The Greek playwright Sophocles seemed convinced that people have no real control over their fortunes. The character Oedipus, for example, tries desperately to buck the prophesy that he will kill his father and marry his mother, only to end up doing just that. Shakespeare’s characters, on the other hand, attempt to seize control of their futures. Cassius encourages Brutus to assassinate Caesar by appealing to his sense of self-responsibility: “The fault, dear Brutus, is not in our stars, but in ourselves, that we are the underlings.”
Fortunately, though, for social scientists (and for readers of this column), the task of the experimental psychologist isn’t to settle once and for all whether we have free will, but rather to see whether people think they do. This is the study of “lay theory”—people’s convictions about the workings of the world.
The study of lay theory yields interesting insights about the factors that hold sway over our seemingly most deeply held beliefs. What if I were to tell you, for instance, that belief in free will is negatively correlated with the desire to urinate? Those are the implications of a new study published in the journal Consciousness and Cognition by Michael Ent and Roy Baumeister. They predicted—and found—that the more people felt they needed to pee, the less they believed that humans are in control of their destinies.

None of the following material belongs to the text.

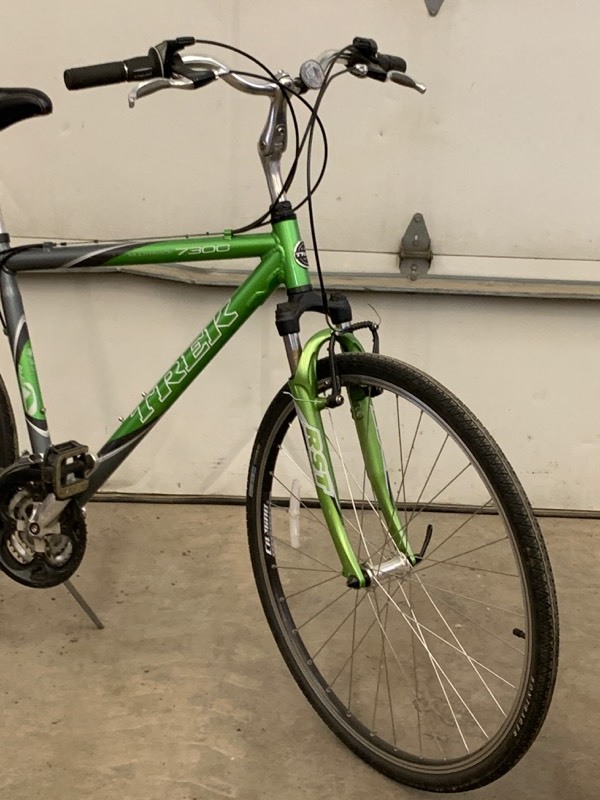 lot 11 image: Trek 7300 Bicycle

Whence comes such a seemingly bizarre theory about the relationship between something as mundane as bodily function and as lofty as human freedom? It’s based on a brand of psychological research known as “embodied cognition,” the primary lesson of which is that moment-to-moment states of our bodies influence how we consider about the world around us. An example of this is work by Amy Cuddy showing that “power postures” change how we come across in job interviews. Ent and Baumeister turned this approach toward the question of free will, hypothesizing that body-states could affect even abstract philosophies. When a feature of physical experience reminds subjects they are constrained by the laws of nature, Ent and Baumeister reasoned, their belief in free will should diminish.
The researchers started by contacting people with epilepsy and panic disorder. Epileptics suffer uncontrollable seizures that can come without warning; panic disorder results in recurrent attacks of intense fear and anxiety. Ent and Baumeister reasoned that, due to these daily reminders of physical limitations, these patients would have less belief in free will. Sure enough, when they compared these people’s attitudes to those of a control population, they saw significantly more skepticism among epileptics.

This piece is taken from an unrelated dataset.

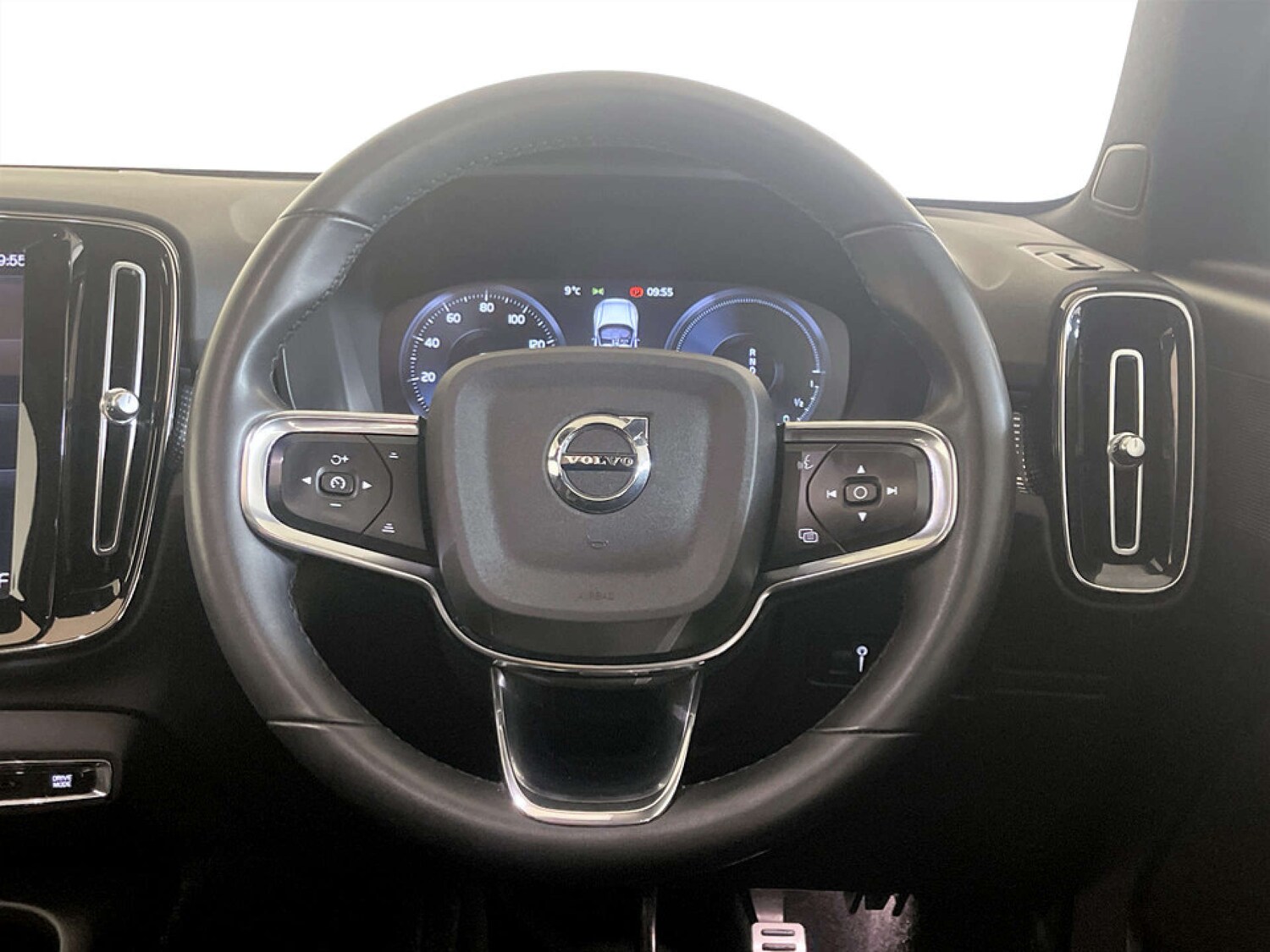 Used Volvo XC40 2022 for sale - 77529419: Photo 16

But this data, though intriguing, doesn’t prove unequivocally that our deepest beliefs are influenced by the states of our bodies. Instead, epileptics’ opinions could just be reflections of the fact that they actually do have less control over their actions.
To address this concern, the researchers next demonstrated that even healthy subjects have less belief in free will when they’re subtly reminded of their own physical limitations. Ent & Baumeister had people respond to a battery of questions not just about free will, but also about their current corporal desires. The desires that negatively correlated most strongly to belief in freedom were: a) the desire to urinate, b) the desire to sleep, and c) the desire to have sex. You read that correctly: when people feel stymied in their desire to sleep or to procreate, among other things, it affects their opinions on one of the most hotly debated issues of all time.
Perhaps this finding does not come as a surprise. After all, small influences in our daily lives—a complement from a friend, a criticism from a boss—have the power make our entire world seem sunny or grey. But given the ramifications that belief or distrust in free will would have on people’s life outlook (a “yea” vote gives a person carte blanche to proactively tackle life’s challenges, a “nay” stimulates a considerably more laissez-faire approach), it’s interesting to know how malleable these beliefs really are.
William James said that belief in free will comprises “the whole sting and excitement of voluntary life.” That sting and excitement may be as fleeting and ephemeral as the last bite from a bowl of Rice Crispies.